Pourquoi agir maintenant ?

La francisation n’est pas une lubie identitaire : c’est un outil pragmatique de cohésion nationale, d’égalité réelle (protection contre les discriminations) et de transmission culturelle. Elle a fonctionné pour les Italiens, les Polonais, les Vietnamiens. Elle a été défendue par la IIIe République, pratiquée par Atatürk ou les dirigeants thaïlandais. Refuser d’en parler sous prétexte de ne pas « stigmatiser » revient à accepter une France fragmentée, où les origines restent visibles génération après génération.

Une France qui dans quelques décennies aurait une majorité de citoyens avec des prénoms ET noms étrangers n’aurait plus aucun sens. Une telle France ne serait plus « la France » au sens civilisationnel : elle deviendrait un territoire multiculturel où l’identité nationale se diluerait dans une mosaïque de références étrangères. Le sentiment d’appartenance collective, la transmission culturelle, et même la simple reconnaissance mutuelle (« ce prénom/nom, c’est de chez nous ») s’éroderaient.

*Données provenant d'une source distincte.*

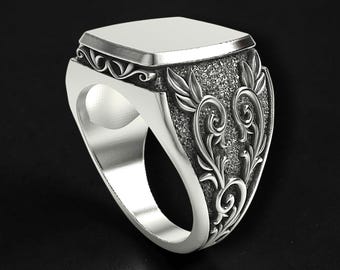 Men's 925 Sterling Silver Blank Signet Ring, Gothic Scroll Engraved Ring, Vintage Filigree Pinky Ring, Handmade Gift for Him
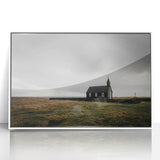 Rustic Wall Art - Isolated Church with Dramatic Sky in Rural Landscape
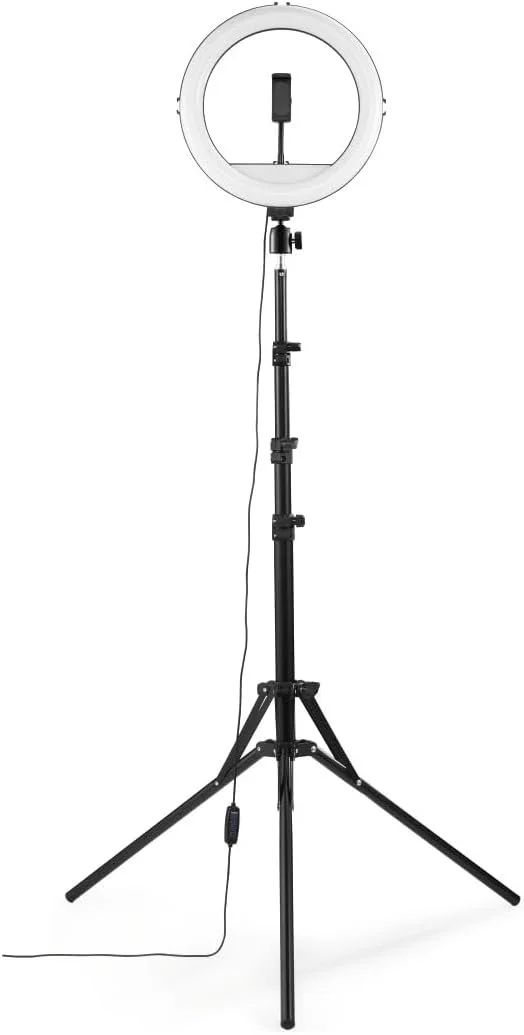 Кільцева LED лампа зі штативом Hama 00004659 Чорна, фото №1 Кільцева LED лампа зі штативом Hama 00004659 Чорна, фото №1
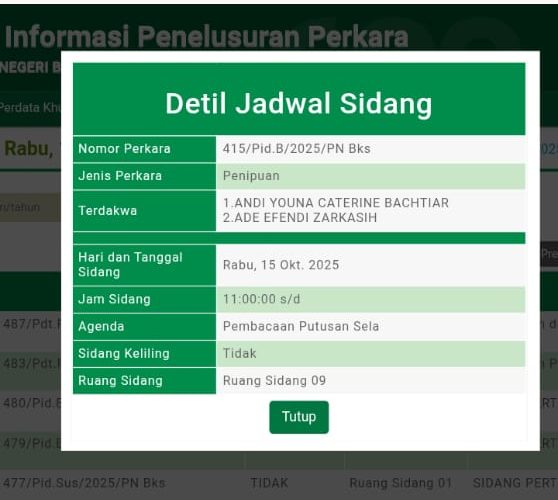 Kota Bekasi - Foto jadwal persidangan di Pengadilan Negeri Bekasi yang menyeret Dirus Perumda Tirta Bahgasasi, Ade Effendi Zarkasih.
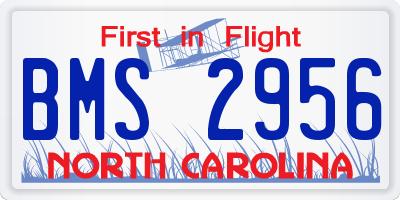 NC license plate BMS2956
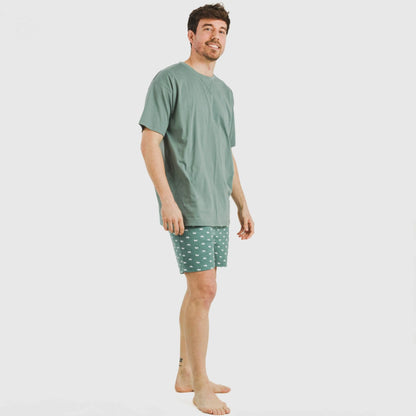 Pijama corto algodón hombre Dawin verde
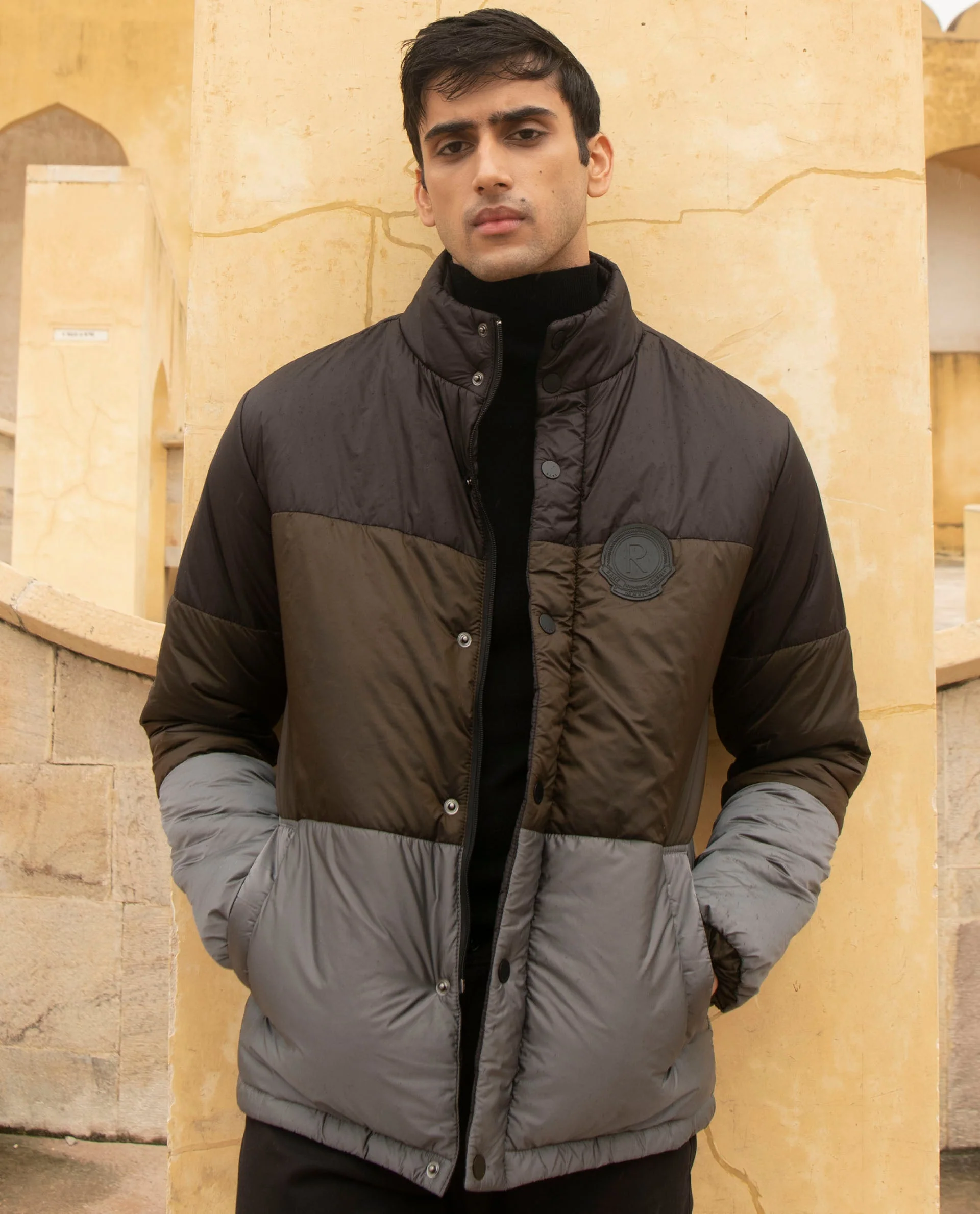 Rare Rabbit Men's Clare Black Polyester Ombre Relaxed Fit Full Sleeve High Neck Jacket - Image 11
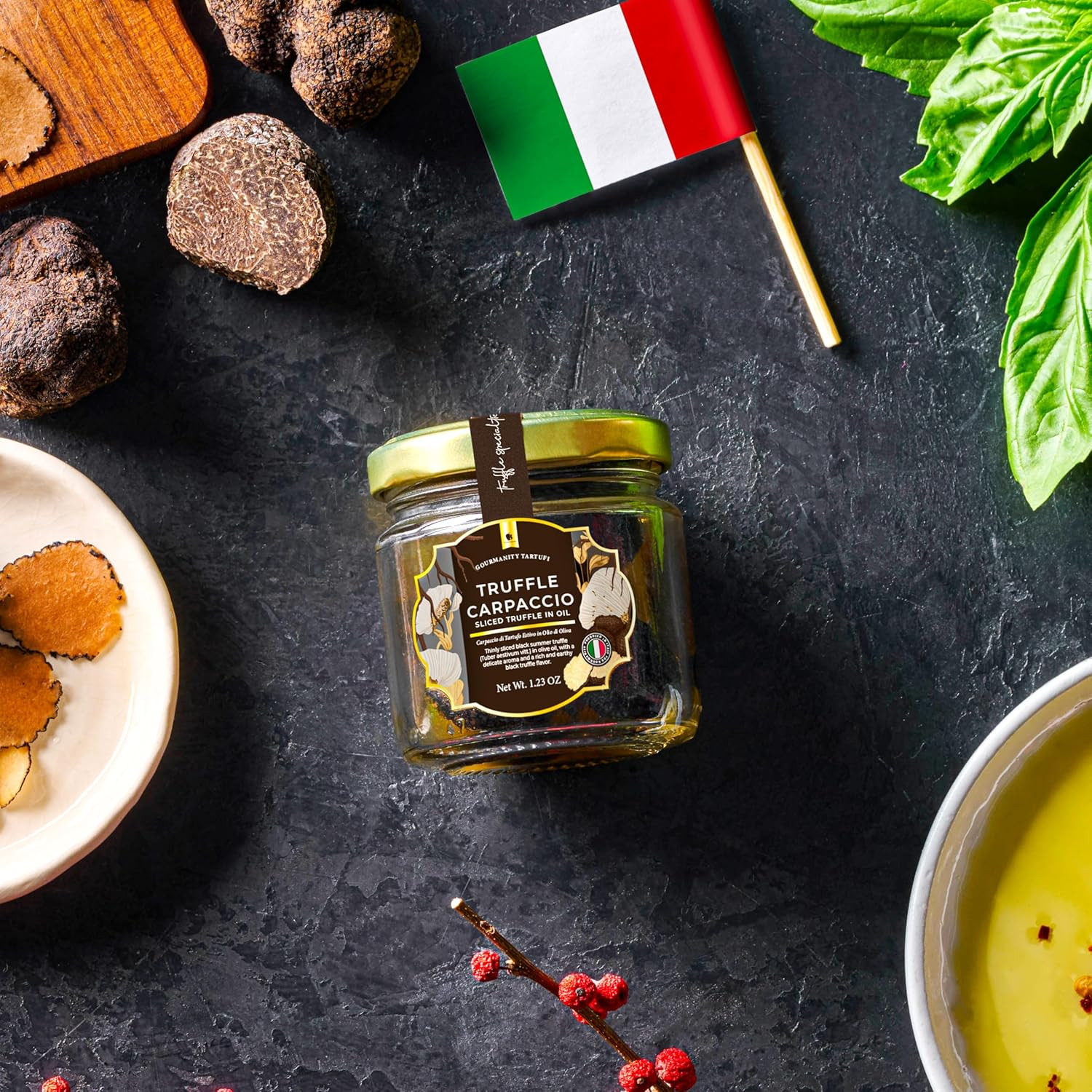 Black Truffle Slices Carpaccio In Olive Oil 1.23 oz Jar Product Of Italy gallery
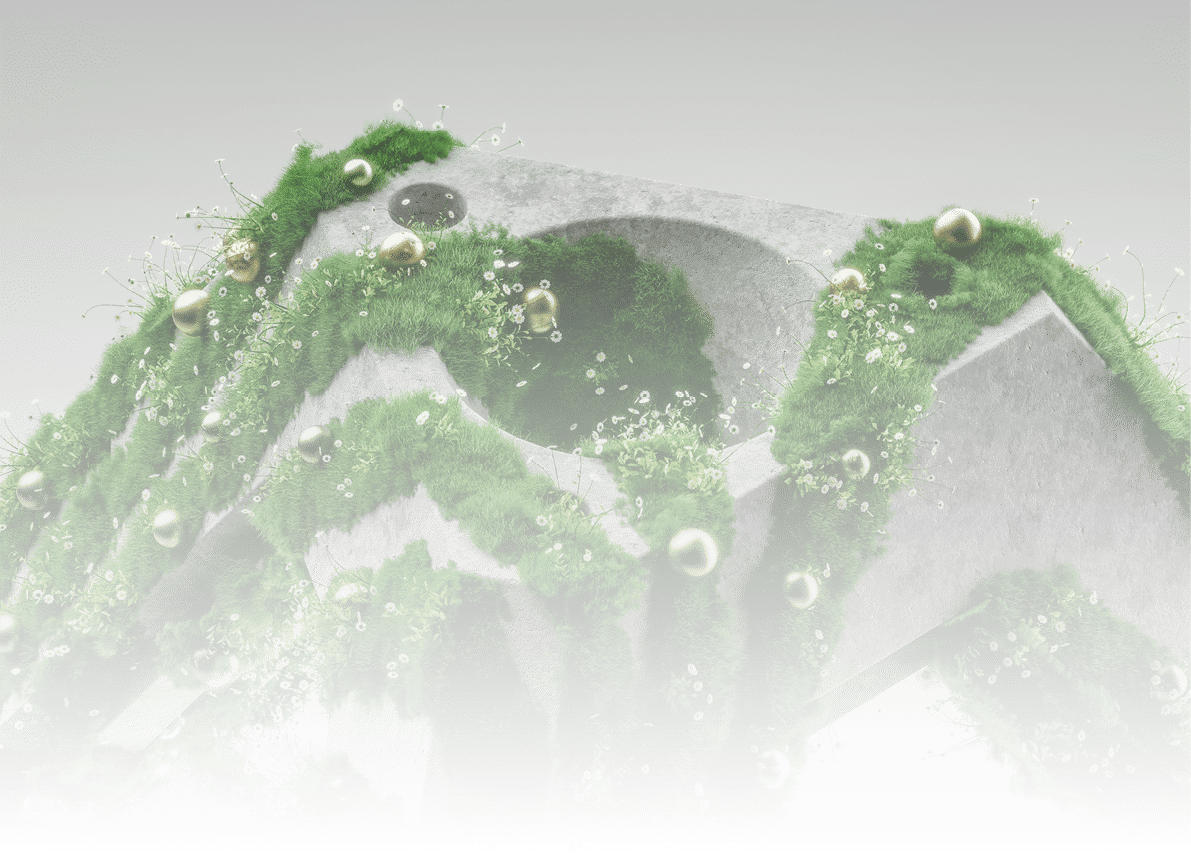 Estrutura abstrata cinza coberta por musgo verde e pequenas bolhas douradas em um fundo claro e desfocado. Yapay zeka taraf ndan olu turulan a  klama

Le problème n’est pas la présence d’origines diverses — la France en a toujours intégré. Le problème est l’abandon du modèle assimilationniste qui a fait son succès.

Le vrai débat n’est plus gauche contre droite historique, mais : voulons-nous une assimilation exigeante qui crée un peuple uni, ou une société multiculturelle où les marqueurs identitaires se perpétuent indéfiniment et où les sigens de francité authentiques disparaissent petit à petit ? Le temps presse. La France a su intégrer par le passé. Elle peut le refaire, à condition de retrouver le courage de ses principes républicains.

Il ne s’agit pas d’effacer les origines, mais de les fondre dans une identité commune plus forte. C’est le sens même de la nation française depuis des siècles. Il est encore temps de choisir ce cap.

Calendrier ancien de l'année 1898
Un aperçu du calendrier français de 1898 avec les noms des saints pour chaque jour.